Es geschah aber nicht nur, um Luther vor dem Zorn seiner Feinde zu bewahren
oder um ihm für diese wichtigen Arbeiten eine Zeit der Ruhe zu verschaffen, daß
Gott seinen Diener dem Schauplatze des öffentlichen Lebens entrückt hatte.

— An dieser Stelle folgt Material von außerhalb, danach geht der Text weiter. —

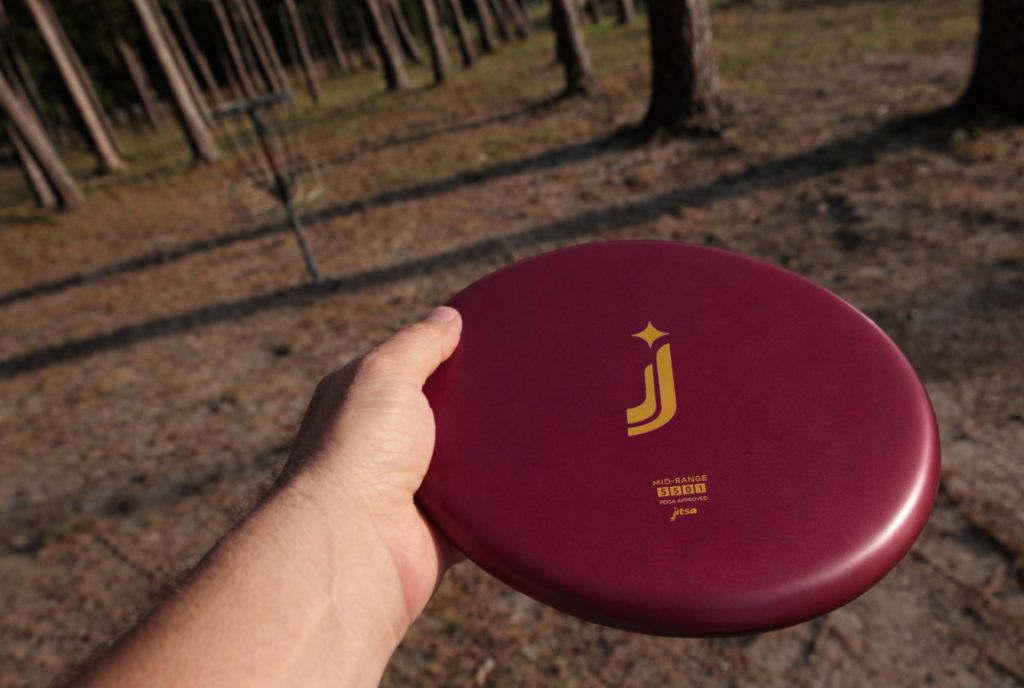Dysk disc golf Mid-Range Jitsa w lesie wśród drzew
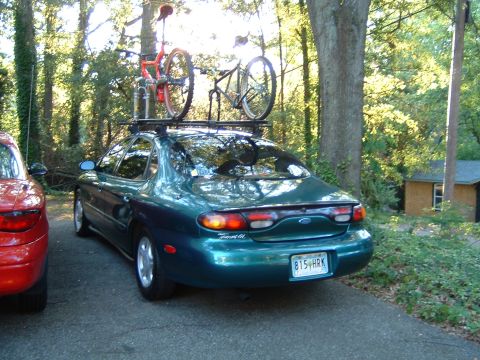 1997 Ford Taurus - Rear view of a green 1997 Ford Taurus sedan with bicycles mounted on a roof rack, parked next to a red car.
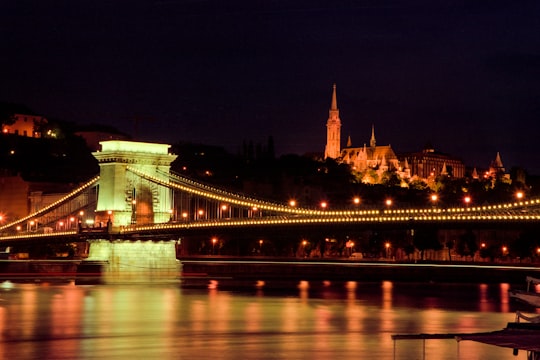green bridge with lights during night time in Széchenyi Chain Bridge Hungary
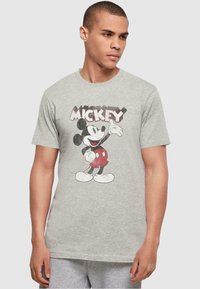 Camiseta de algodón gris con un gráfico vintage de Mickey Mouse en negro y rojo. Mangas cortas y cuello redondo.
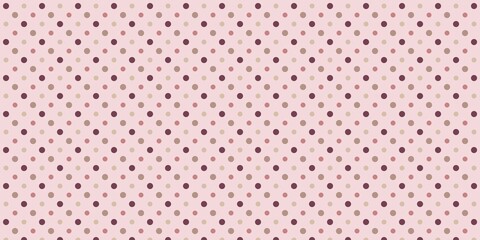 互い違いに配置された大きさと色の異なるドット模様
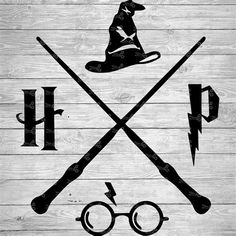 harry potter's hat, wands and glasses on a wooden background with the word hp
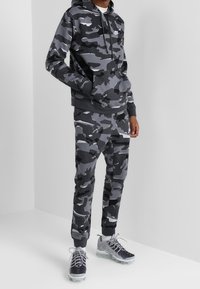 Grå hoodie och sweatpants i camouflage-mönster, gjorda av mjukt material, med en framficka och elastiska muddar, tillsammans med grå träningsskor.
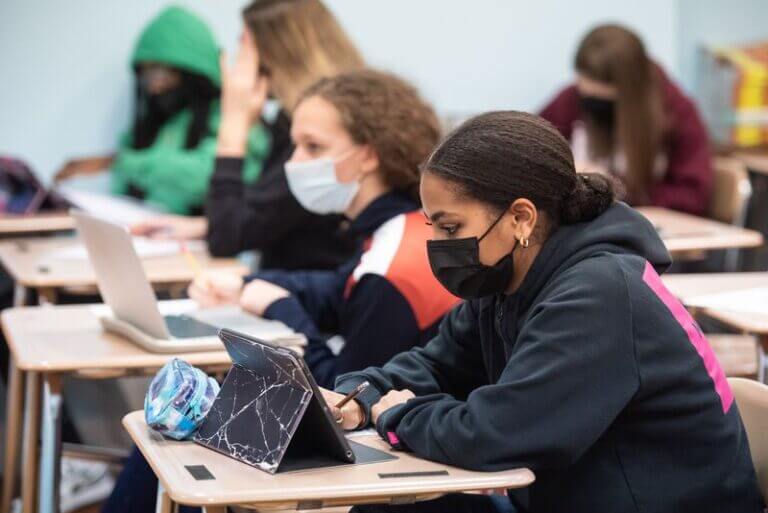 Students wearing masks are sitting at their desks, working on laptops and tablets.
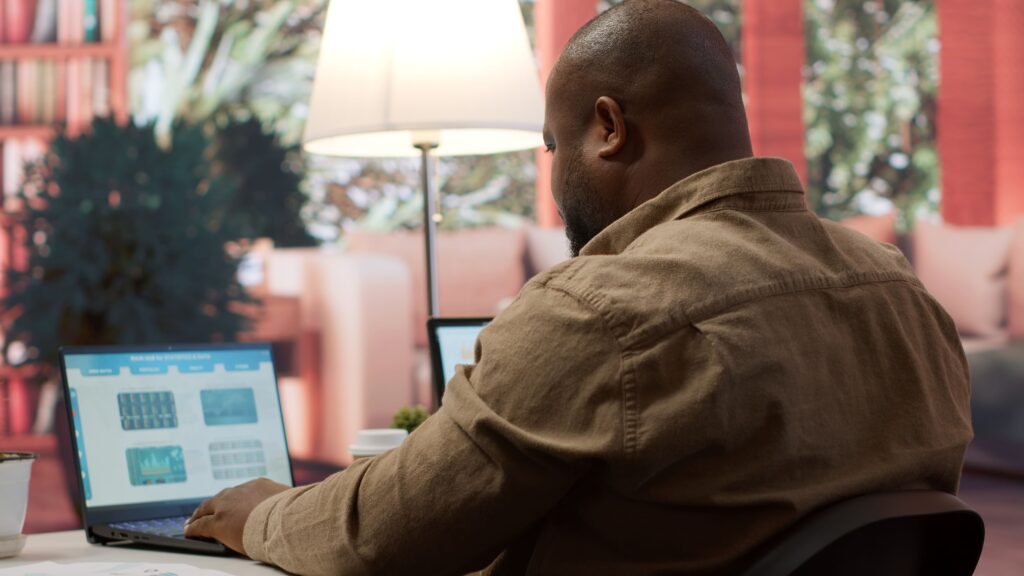 A rear, over-the-shoulder view of a Black man with a shaved head and beard, wearing a tan or light brown button-down shirt, working intently on a laptop at a desk in a well-lit home office or living space. The laptop screen displays a project dashboard with charts and data widgets. A large lamp with a white shade is visible behind him, and the background is softly focused, showing plush furniture and large plants, suggesting a comfortable, indoor-outdoor feel.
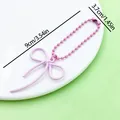 Detailed dimension view of a pink bow keychain measuring 9cm by 3.7cm on a white plate - Baking Varnish Bow Ball Chain (ER2101)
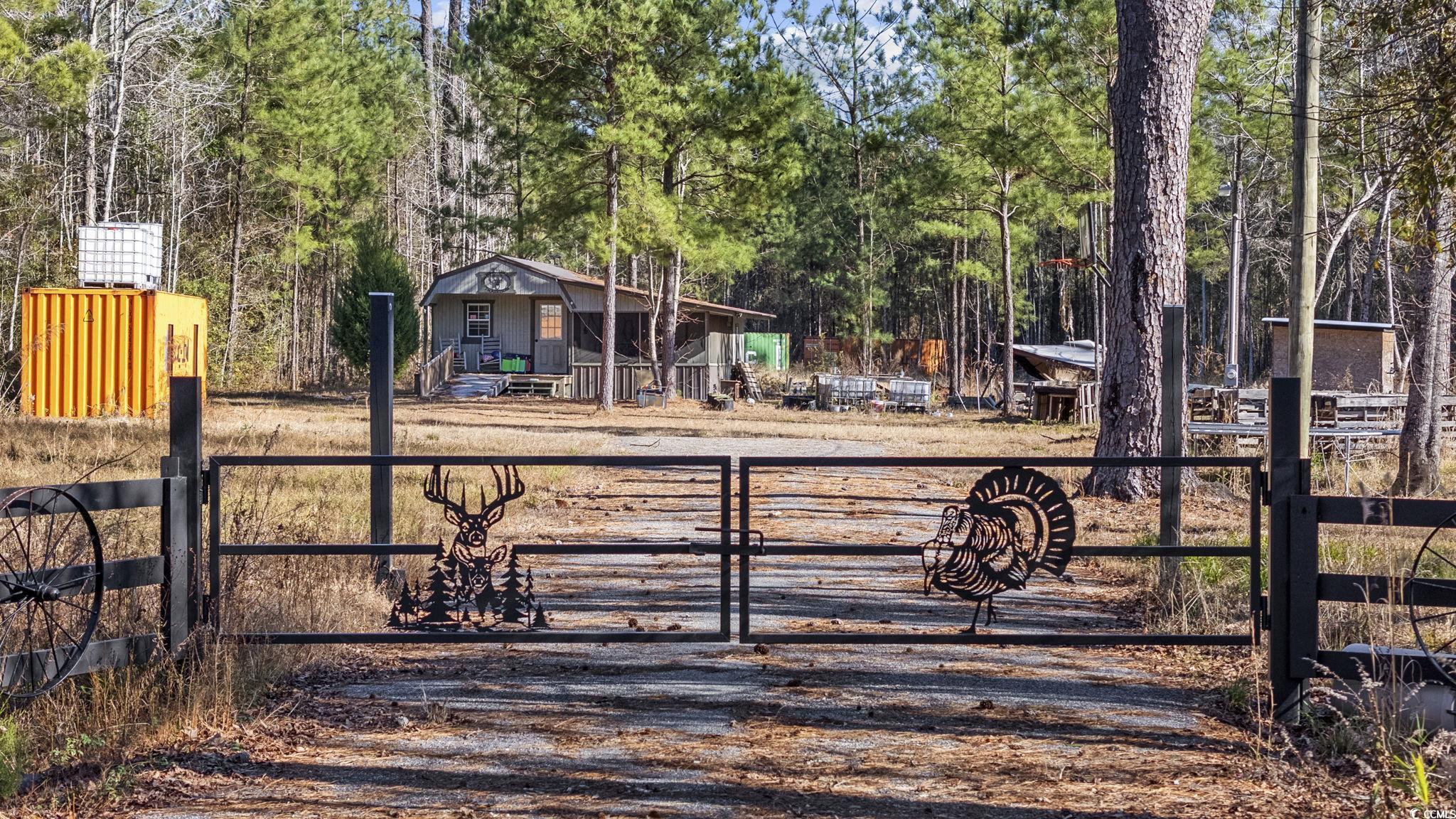 705 Catclaw Road Andrews, SC 29510 - Photo 6 of 26 View of gate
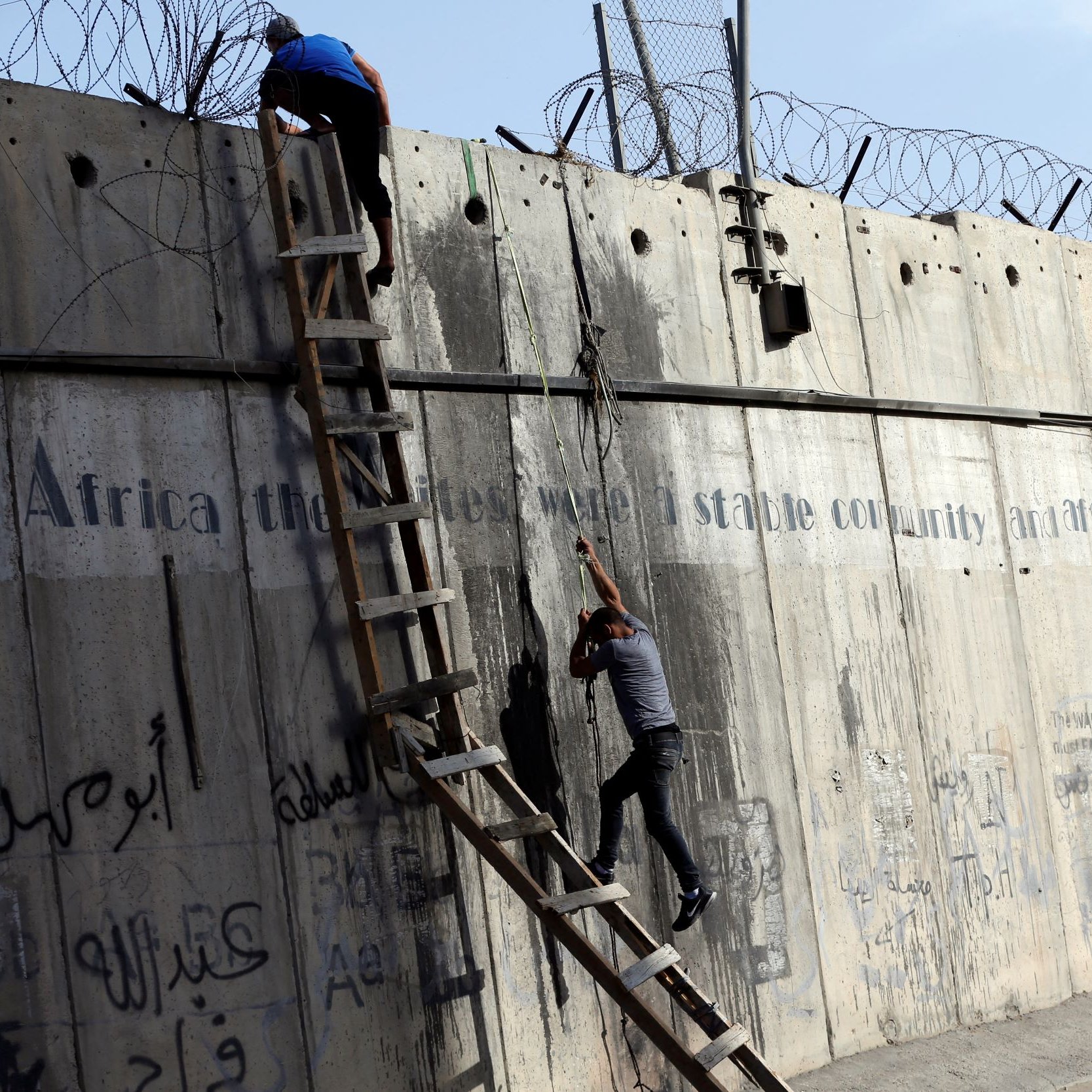 L'image montre une scène où deux personnes tentent de monter ou de descendre d'un mur de béton. Une échelle est appuyée contre le mur, et il y a des barbelés au sommet. Le mur présente également des graffitis ou des inscriptions, et l'environnement semble urbain. Les personnes semblent concentrées sur leur tâche, soulignant une dynamique d'effort et de défi.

Köstlichere Erfolge als diese sollten erzielt werden. In der Einsamkeit und
Verborgenheit seiner bergigen Zufluchtsstätte war Luther allen irdischen
Stützen fern und abgeschlossen von menschlichem Lob. Somit war er vor dem Stolz
und dem Selbstvertrauen bewahrt, welche so oft durch den Erfolg verursacht
werden. Durch Leiden und Demütigung wurde er vorbereitet, wiederum mit
Sicherheit die schwindelnden Höhen zu betreten, wozu er so plötzlich erhoben
worden war.
Wenn Menschen sich der Freiheit, welche die Wahrheit ihnen bringt, erfreuen, so sind sie geneigt, die zu verherrlichen, welche Gott gebraucht, um die Ketten des Irrtums und des Aberglaubens zu brechen. Satan versucht, der Menschen Gedanken und Zuneigungen von Gott abzuwenden und sie auf menschliche Werkzeuge zu richten. Er veranlaßt sie, das bloße Werkzeug zu ehren und die Hand, welche alle Ereignisse der Vorsehung leitet, unbeachtet zu lassen. Nur zu oft verlieren religiöse Leiter, welche auf diese Weise gepriesen und verehrt werden, ihre Abhängigkeit von Gott aus den Augen und vertrauen auf sich selbst. Infolgedessen suchen sie die Gemüter und Gewissen des Volkes, welches geneigt ist, auf sie, anstatt auf das Wort Gottes um Führung zu sehen, zu beherrschen. Das Werk der Reformation wird oft gehemmt, weil dieser Geist von ihren Anhängern genährt wird. Vor dieser Gefahr wollte Gott die Sache der Reformation bewahren. Er wünschte, daß dieses Werk nicht das Gepräge des Menschen, sondern das Gepräge Gottes empfange. Die Augen der Menschen hatten sich auf Luther, den Ausleger der Wahrheit, gewandt; er wurde entfernt, damit aller Augen auf den ewigen Urheber der Wahrheit gerichtet werden möchten.